Extracted records:
---*---

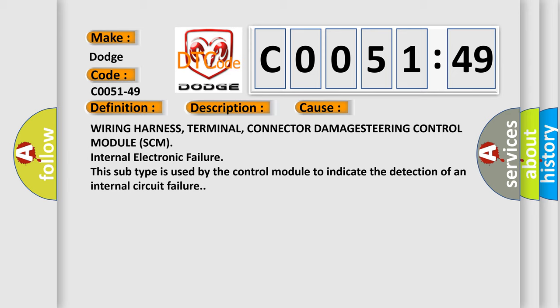Wiring harness, wiring harness terminal, connector damage. Steering control module SCM internal electronic failure. This subtype is used by the control module to indicate the detection of an internal circuit failure.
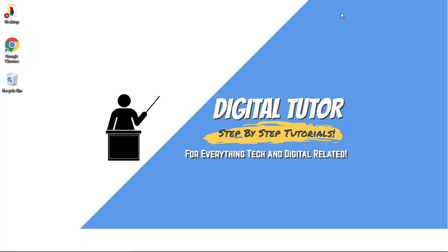Hi guys, what's going on? It's the Digital Tutor here with another step-by-step tutorial. In today's video, I'm just going to show you how to add your YouTube channel link to your Roblox account.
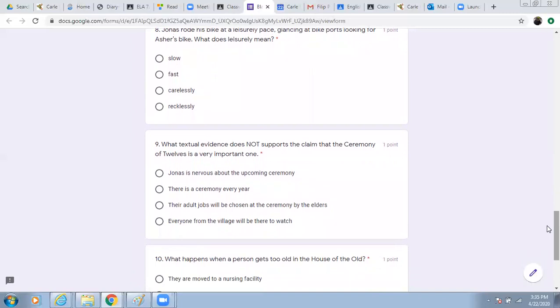Number nine. What textual evidence does not support the claim that the ceremony of twelves is a very important one? Jonas is nervous about the upcoming ceremony. There is a ceremony every year. Their adult jobs will be chosen at the ceremony by the elders. Everyone from the village will be there to watch.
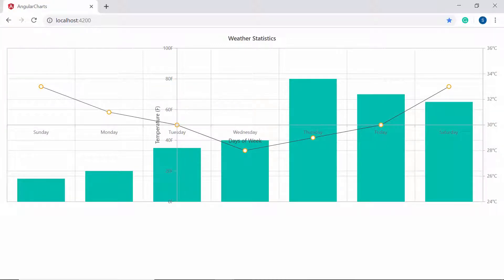Now let's have a quick recap about this session. We have seen how to customize the chart axis with properties like axis crossing, title, tick lines, and grid lines. We have also seen how to add multiple axes to the chart and how to place the inverse axis. If you found this video useful, please give it a like and subscribe to our channel. Thanks for watching.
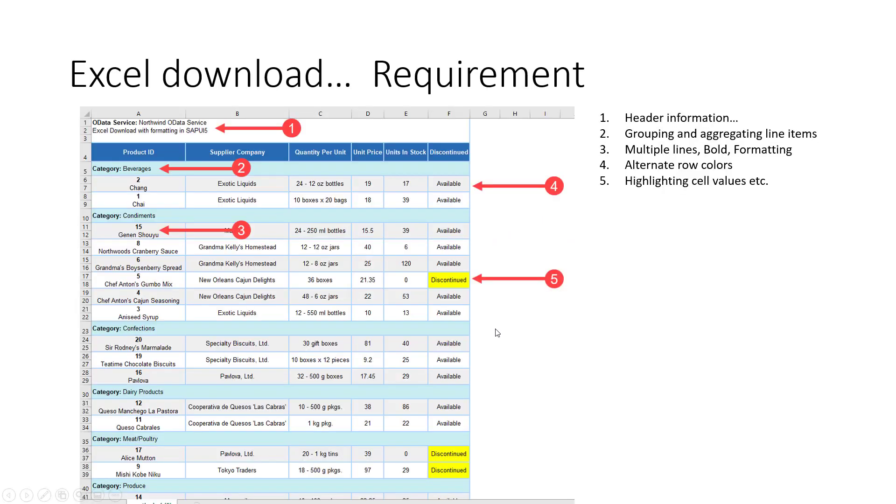Hello, everyone. In this session, I'll talk about Excel download in SAPUI5 applications with formatting. So the requirement is to download in Excel the Northwind OData service in this specific format or any format that you want.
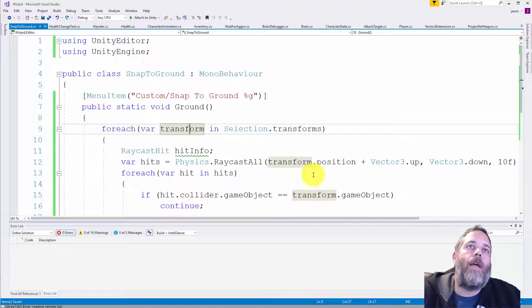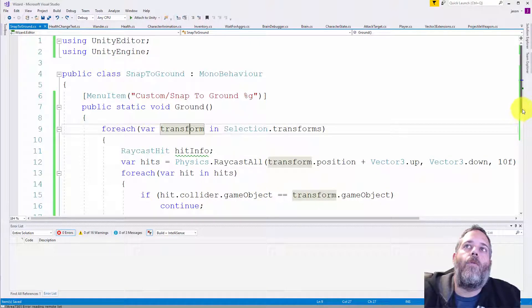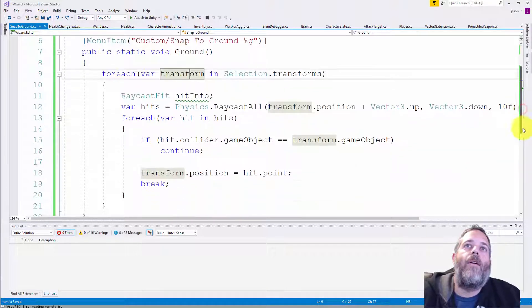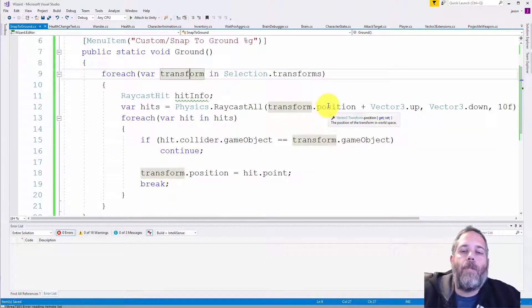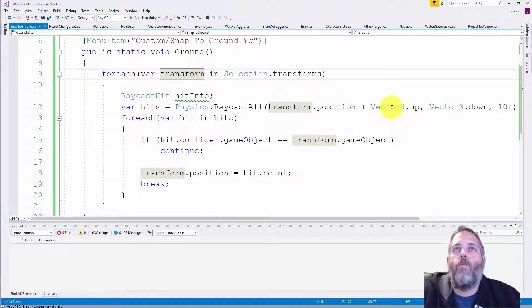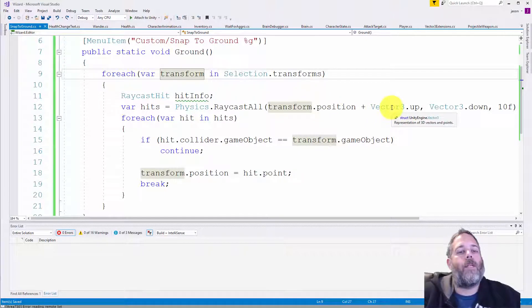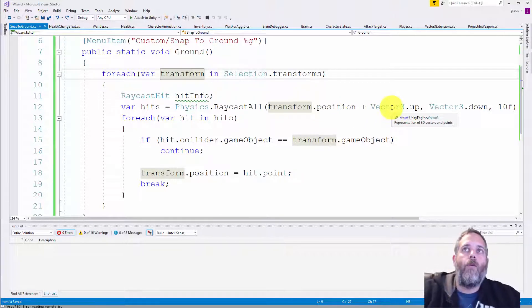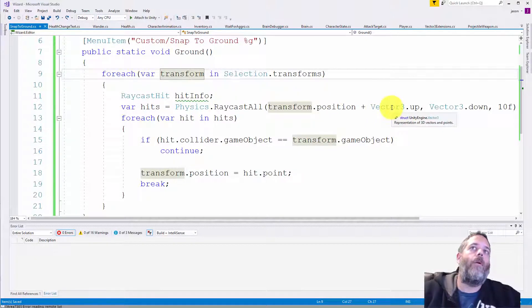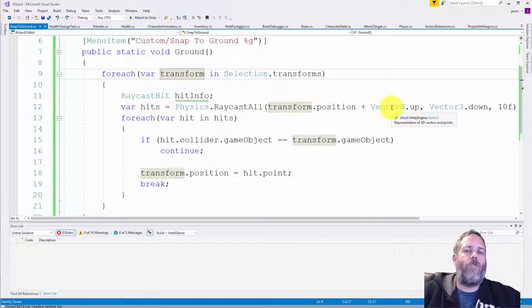Then we do some ray casts. So we raycast from the current position plus one meter up. So that way if it's a little bit below the ground, we can pull it up. But if it's too far below, we're not going to catch it.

---*---

Instructions to follow: Your task is to transcribe exactly the lines from the one containing "Hello, everyone. In" through the final line of the entries above, pictures excluded.

Exercise response:
Hello, everyone. In this session, I'll talk about Excel download in SAPUI5 applications with formatting. So the requirement is to download in Excel the Northwind OData service in this specific format or any format that you want.
Then we do some ray casts. So we raycast from the current position plus one meter up. So that way if it's a little bit below the ground, we can pull it up. But if it's too far below, we're not going to catch it.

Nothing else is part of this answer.